It's a sentiment that resonates with many discerning fashion enthusiasts.
The decision to step away from high street fashion in pursuit of clothing that embodies quality, longevity, and a superior fit has always been a part of my life and more so as I've increased in age. Body changes, taste changes and income increases, have all played their part in how I dress today.
The simple facts: high street, "fast fashion" doesn't fit me properly, the fabrics are cheap, they don't wash well and often shrink. The fabric falls apart quickly, the knits and cotton pill/bobble, and too many people own the same items, something I don't want for myself. I don't want to look like everyone else or see my outfit walking down the street, especially when I'm wearing it.

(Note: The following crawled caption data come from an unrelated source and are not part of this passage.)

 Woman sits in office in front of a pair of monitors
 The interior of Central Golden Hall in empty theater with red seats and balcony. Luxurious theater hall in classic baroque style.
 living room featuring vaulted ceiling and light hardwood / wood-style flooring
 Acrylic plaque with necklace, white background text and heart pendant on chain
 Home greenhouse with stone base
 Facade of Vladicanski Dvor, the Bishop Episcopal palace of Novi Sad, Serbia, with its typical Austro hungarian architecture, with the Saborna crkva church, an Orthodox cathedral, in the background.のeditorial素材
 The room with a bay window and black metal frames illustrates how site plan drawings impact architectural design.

High street, fast fashion is cheaper, but in the long run, is it economical? Especially if we’re constantly buying new stuff every season, year after year.
Let's explore in more depth why some individuals make the choice to bid farewell to high street, fast fashion and the compelling reasons behind this shift in shopping habits.
The Fit Factor
High street, fast fashion often struggles to deliver the perfect fit. Mass-produced clothing can't cater to the diverse range of body shapes and sizes that real people have. Ill-fitting garments can be uncomfortable, unflattering, and, at times, erode confidence.

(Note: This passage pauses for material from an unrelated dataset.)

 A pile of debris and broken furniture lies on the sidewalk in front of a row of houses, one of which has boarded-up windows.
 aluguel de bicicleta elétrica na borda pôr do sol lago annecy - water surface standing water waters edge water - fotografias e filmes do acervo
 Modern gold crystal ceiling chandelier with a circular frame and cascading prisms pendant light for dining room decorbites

The allure of high street prices can be tempting, but they often come at the cost of quality. Cheap fabrics and shortcuts in production can result in clothes that look and feel less than stellar. Inferior materials can lead to discomfort and a lackluster appearance overtime of owning the garment. And then we simply dispose of it without a care.
One of the common gripes about high street, fast fashion is its tendency to deteriorate quickly. Many garments lose their shape, colour, get holes in, seams come undone and overall appeal after just a few washes. This not only wastes money, but also contributes to environmental concerns related to fast fashion ending up in our landfill.
The True Cost of Cheaper
Low-priced fast fashion often conceals the true cost of production, including ethical concerns surrounding labour conditions and environmental impact. Choosing to invest in designer fashion or sustainable brands can align with more responsible consumption, which can also lead to less waste overall. Something we need to take responsibility for in teaching our children and grandchildren tool.

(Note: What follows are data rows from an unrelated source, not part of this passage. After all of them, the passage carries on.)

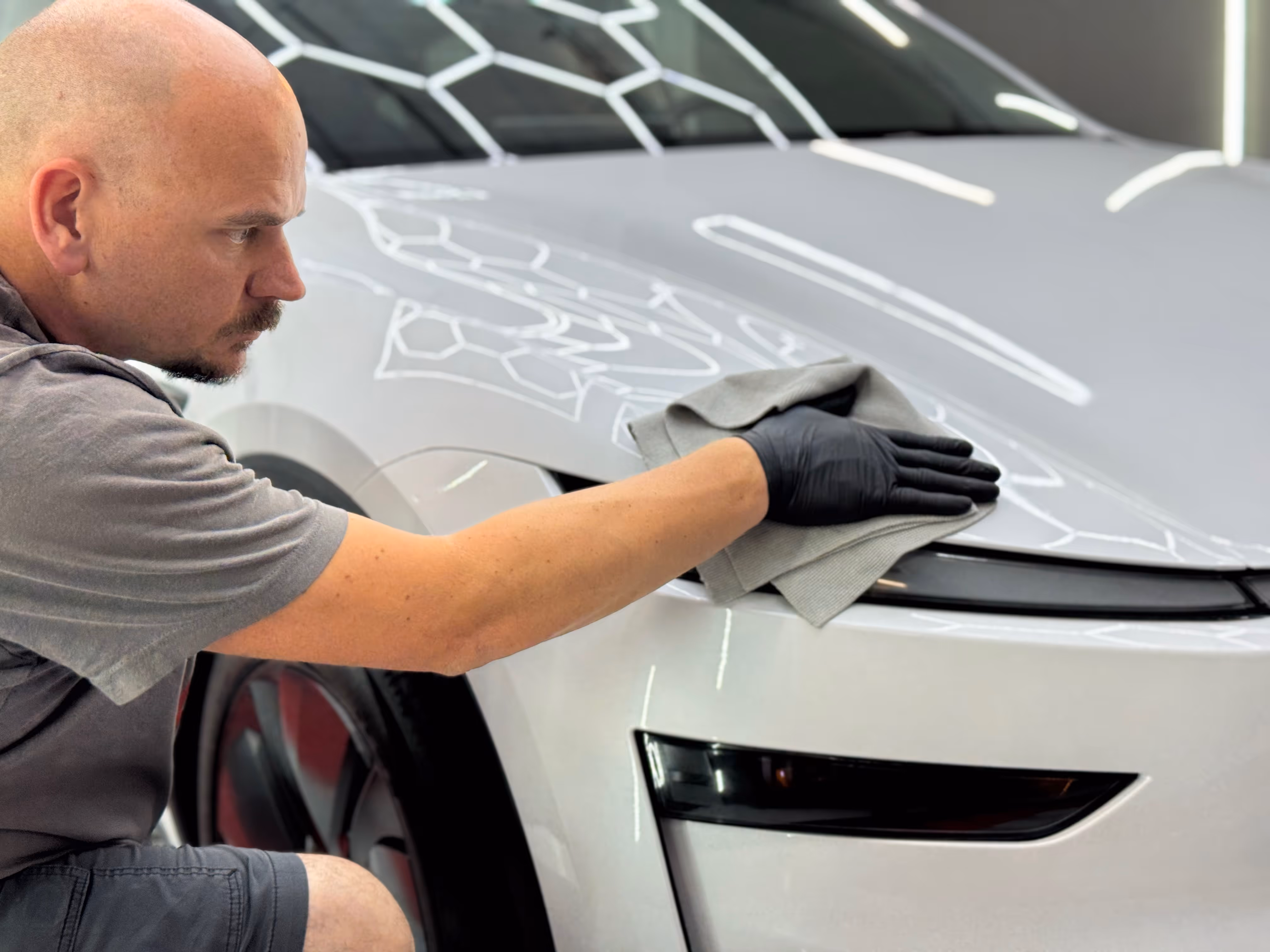 Wayne wiping down a car after the installation of paint protection film (PPF)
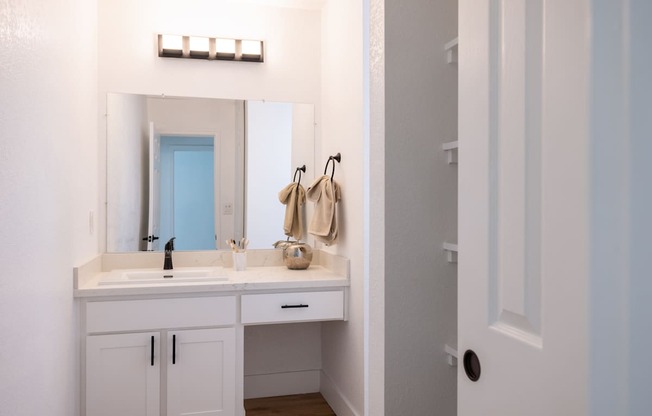 A bathroom with a white vanity and a mirror above it.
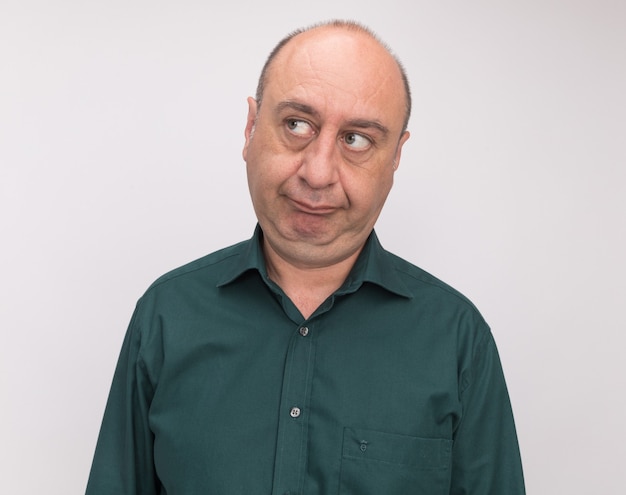 Impressed looking at side middle-aged man wearing green t-shirt isolated on white wall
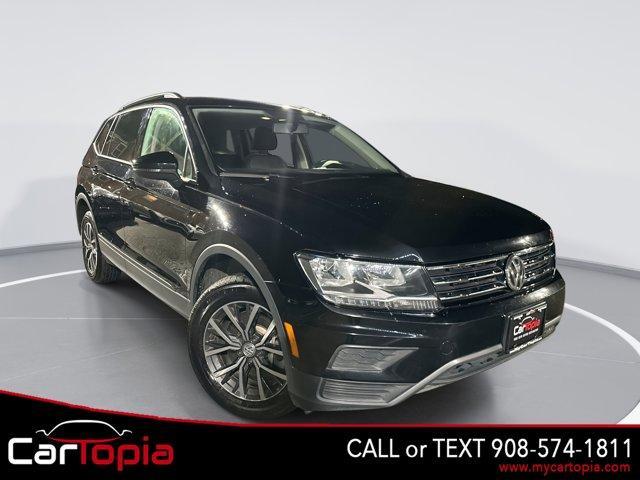used 2021 Volkswagen Tiguan car, priced at $13,997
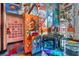 Funky game room features colorful murals, foosball table, and quirky decor, perfect for entertaining guests at 5626 Deer Creek Falls Ct, Las Vegas, NV 89118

The Desire for Timeless Pieces
High street, fast fashion often prioritizes trends, leading to a revolving door of fast-changing styles. Some individuals crave timeless pieces that transcend seasons and trends, providing lasting value for their wardrobe. Not only today, but well into the future.
The Pursuit of Uniqueness
High street, fast fashion's mass production can result in cookie-cutter wardrobes. Many fashion enthusiasts prefer the exclusivity and individuality that come with designer or boutique pieces. My point exactly. I don't want to see another version of me walking the streets of London, or anywhere for that matter.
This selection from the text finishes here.